Department of Advanced Biomedical Sciences, Section of Cardiology, Federico II University, Naples,Italy.
Diabetes Care. 2013 Aug;36(8):2395-401. doi: 10.2337/dc12-2147. Epub 2013 Mar 25.
Impaired parasympathetic and sympathetic nervous system activity have been demonstrated in patients with diabetes mellitus (DM) and correlated with worse prognosis. Few data are available on the effect of DM on cardiac neuropathy in heart failure (HF). The aim of the current study was to assess cardiac sympathetic activity in HF patients with and without DM.
Patients with severe HF (n = 75), with (n = 37) and without DM (n = 38), and 14 diabetic patients with normal cardiac function underwent (123)I meta-iodobenzylguanidine scintigraphy from which early and late heart-to-mediastinum (H/M) ratios were calculated. Clinical, echocardiographic, and biochemical data were measured.

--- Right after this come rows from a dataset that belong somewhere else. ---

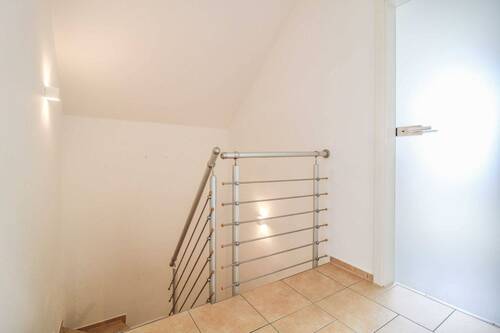 Flur im Obergeschoss mit Glastüren damit mehr Licht flutet - 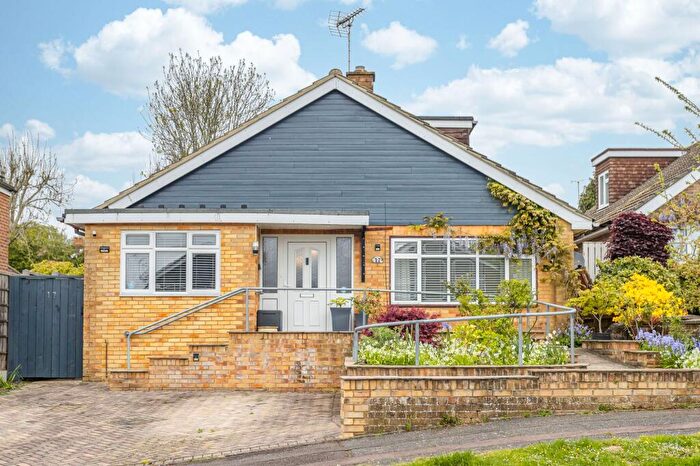 4 Bedroom Chalet For Sale In Coronation Road, East Grinstead, RH19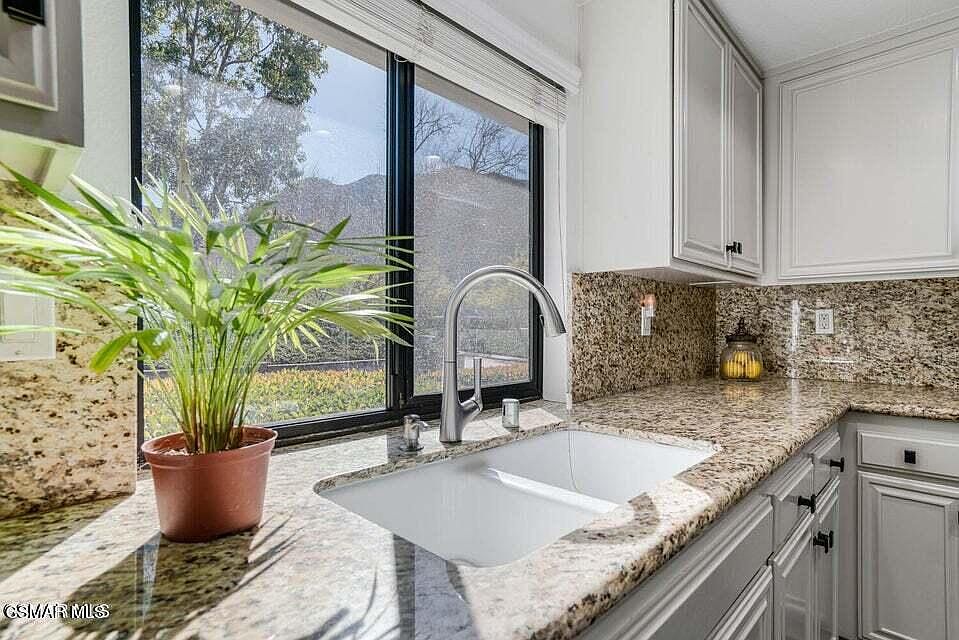 2nd image of 884 Corte Safiro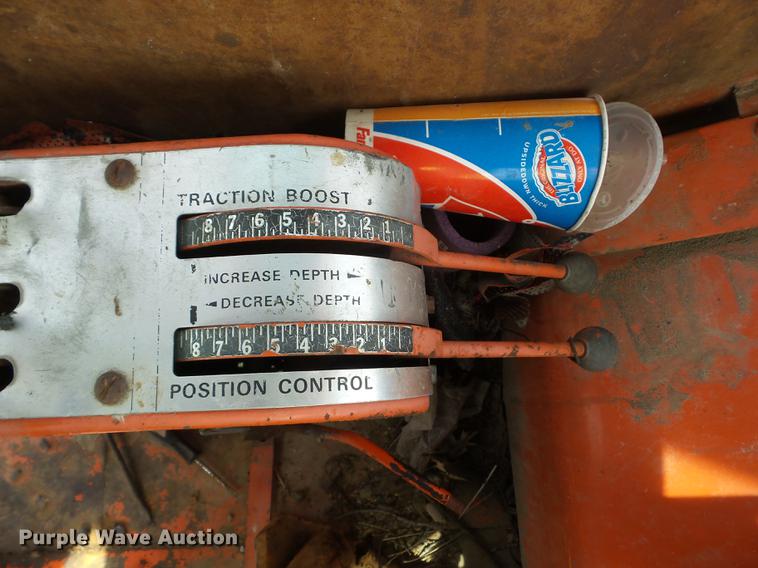 image for item BI9557 1974 Allis Chalmers 200 tractor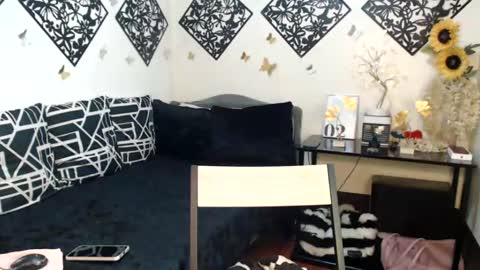 Snapshot of tsakesha chatting on 03-09-25, 12:31 akesha online show from 03-09-25, 12:31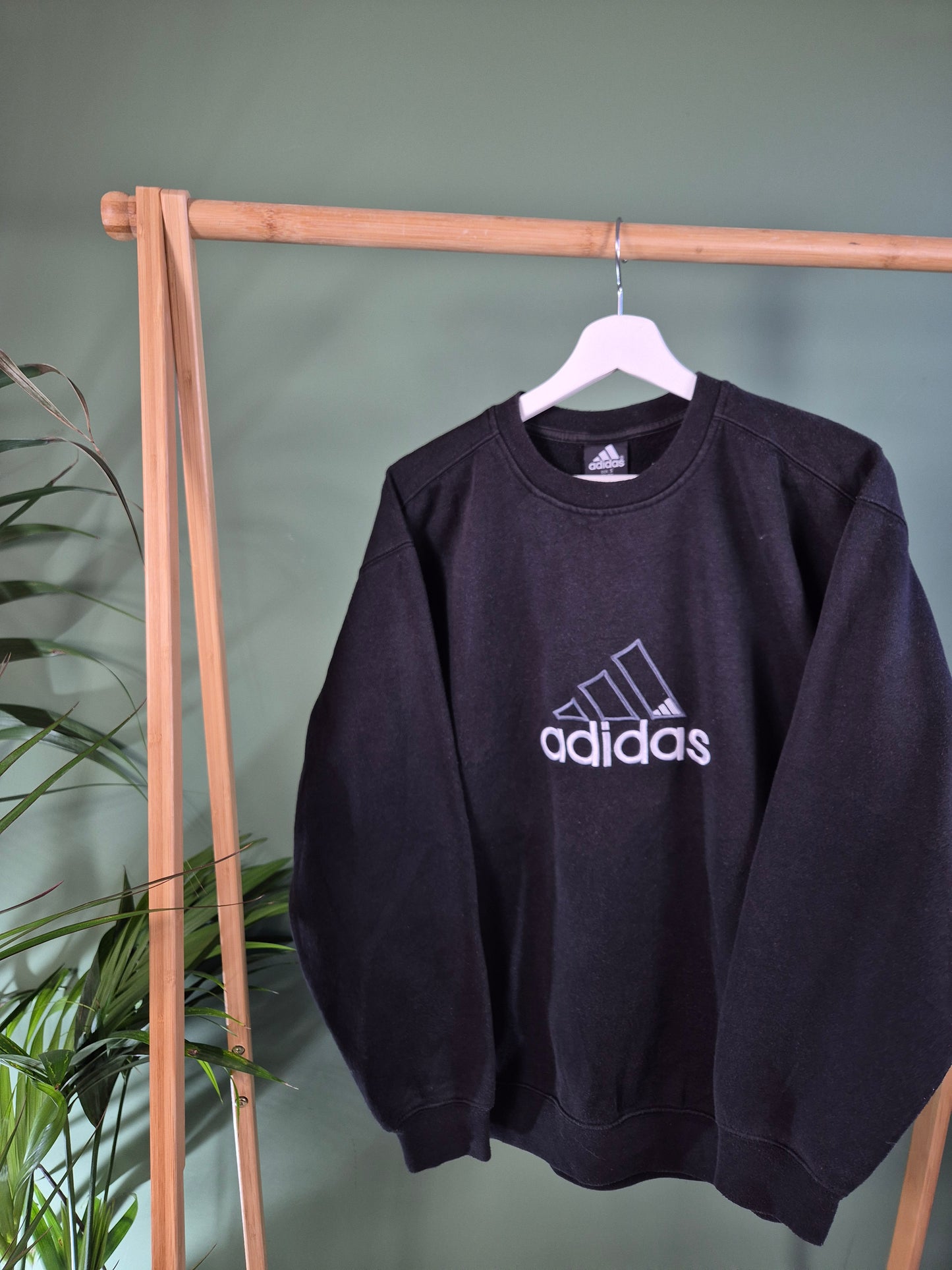 Addias front logo sweater maat S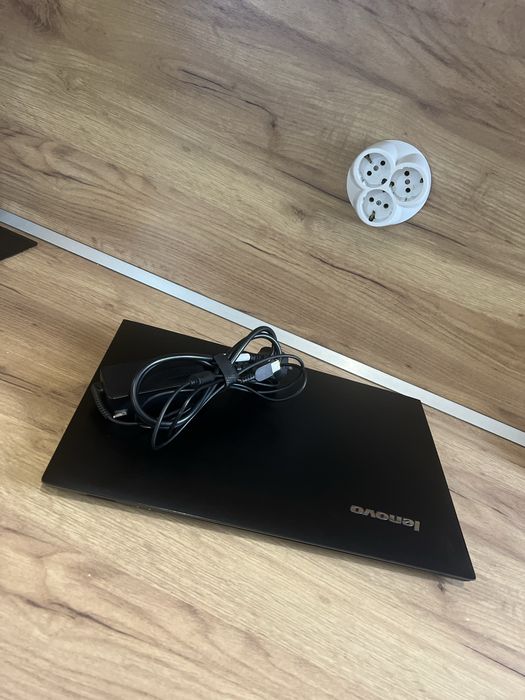 Лаптоп Lenovo IdealPad B51-30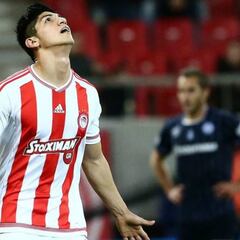 Alan Pulido perdió la final de Copa en Grecia con Olympiacos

DM compared with non-DM patients showed significantly lower early (1.65 ± 0.21 vs. 1.75 ± 0.21; P < 0.05) and late H/M ratios (1.46 ± 0.22 vs. 1.58 ± 0.24; P < 0.03). Early and late H/M were significantly higher in DM patients without HF (2.22 ± 0.35 and 1.99 ± 0.24, respectively) than HF patients with (P < 0.0001) and without (P < 0.0001) DM. In HF patients, an inverse correlation between early or late H/M ratio and hemoglobin A1c (HbA1c) (Pearson = -0.473, P = 0.001; Pearson = -0.382, P = 0.001, respectively) was observed. In DM, in multivariate analysis, HbA1c and ejection fraction remained significant predictors of early H/M; HbA1c remained the only significant predictor of late H/M. No correlation between early or late H/M and HbA1c was found in non-DM patients.
Diabetic patients with HF show lower cardiac sympathetic activity than HF patients not having DM or than DM patients with a similar degree of autonomic dysfunction not having HF. HbA1c correlated with the degree of reduction in cardiac sympathetic activity.
已证明糖尿病(DM)患者的副交感神经和交感神经系统活动受损,且与预后更差相关。关于 DM 对心力衰竭(HF)中心脏神经病变的影响,仅有少量数据。本研究旨在评估伴 DM 和不伴 DM 的 HF 患者的心脏交感神经活性。
75 例严重 HF 患者(伴 DM 者 37 例,不伴 DM 者 38 例)和 14 例心功能正常的糖尿病患者行 123I-间碘苄胍闪烁扫描,计算早期和晚期心脏/纵隔(H/M)比值。测量临床、超声心动图和生化数据。
与非 DM 患者相比,DM 患者的早期(1.65 ± 0.21 比 1.75 ± 0.21;P < 0.05)和晚期 H/M 比值(1.46 ± 0.22 比 1.58 ± 0.24;P < 0.03)显著降低。无 HF 的 DM 患者的早期和晚期 H/M 比值显著高于 HF 患者(分别为 2.22 ± 0.35 和 1.99 ± 0.24;P < 0.0001 和 P < 0.0001)。在 HF 患者中,早期或晚期 H/M 比值与糖化血红蛋白(HbA1c)(Pearson = -0.473,P = 0.001;Pearson = -0.382,P = 0.001)呈负相关。在 DM 中,多变量分析显示,HbA1c 和射血分数仍然是早期 H/M 的显著预测因子;HbA1c 仍然是晚期 H/M 的唯一显著预测因子。在非 DM 患者中,早期或晚期 H/M 与 HbA1c 之间无相关性。
HF 合并 DM 的患者的心脏交感神经活性低于无 DM 的 HF 患者或 HF 程度相似但无心衰的 DM 患者。HbA1c 与心脏交感神经活性降低的程度相关。